PREDICTIVE SIGNIFICANCE OF APOLIPOPROTEINS A1 AND B (apoA1 and apoB) IN DEVELOPMENT OF SEPSIS IN PATIENTS WITH POLYTRAUMA
Regional Clinical Center of Miners’ Health Protection,
Leninsk-Kuznetsky, Russia
One of the main causes of mortality in patients with polytrauma including shock and blood loss is infectious complications [1, 2]. Among the patients examined by us, only 28 % of the cases were without complications; acute respiratory distress syndrome (ARDS) was registered in 15.2 %. Traumatic disease was accompanied by various purulent and septic complications in 44.8 % with the following common complications: pneumonia (14.3 %), peritonitis (6.5 %), wound purulence (18.8 %), various types of necrosis (6.7 %), osteomyelitis (14.6 %), sepsis (3.9 %) [3].

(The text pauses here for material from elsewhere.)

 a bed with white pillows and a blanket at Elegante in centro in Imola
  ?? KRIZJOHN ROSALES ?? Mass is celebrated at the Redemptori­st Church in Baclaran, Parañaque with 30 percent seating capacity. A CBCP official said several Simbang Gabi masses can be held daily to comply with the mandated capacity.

The factors promoting the development of complications in critically ill patients are blood circulation disorders, limiting organ functions, severe metabolic changes, simultaneous appearance of big amount of own injured tissues initiating the inflammatory response; insufficient immune protection [4]. These factors are used for estimation of risk of posttraumatic mortality, but they do not clarify the mechanisms forming the basis of infection in posttraumatic period of polytrauma [5]. The indicated disorders underlie the multiple organ dysfunction syndrome (MODS) determining development of severe complications.

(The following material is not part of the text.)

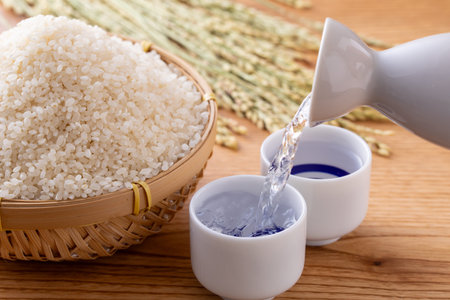 White rice in bamboo basket and rice bowl on wooden table background.の写真素材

The consensus conference of the American College of Chest Physicians and the Society of Critical Care Medicine (ACCP/SCCM) recommended the use of the term multiple organ dysfunction syndrome – the clinical syndrome, which is characterized by development of acute potentially invertible dysfunction of organs of organ systems which are not directly involved in primary pathological process [6].
One should note that the concept of development of MODS relies on the data of the regularities of development of systemic inflammatory response syndrome (SIRS) [3, 7].
In 2012 during the revision of the terms at the conference of Surviving Sepsis Campaign (SSC) the list (Bone R.C. et al. [8]) of the signs, the symptoms and the laboratory values (C-reactive protein, procalcitonin, glucose, lactate) indicating the possibility of sepsis was supplemented [9]. The improved (the third) edition of the clinical recommendations from Surviving Sepsis Campaign (SSC12) was published in February 2013 [9].
However the offered biomarkers of sepsis are non-specific, i.e. their use is difficult for early diagnostics of sepsis in polytrauma that determines the interest to search other markers [10, 11].
Moreover, for decreasing the mortality and morbidity from posttraumatic infections and costs of treatment it is necessary to identify patients with high risk of infection and to develop the appropriate preventive measures.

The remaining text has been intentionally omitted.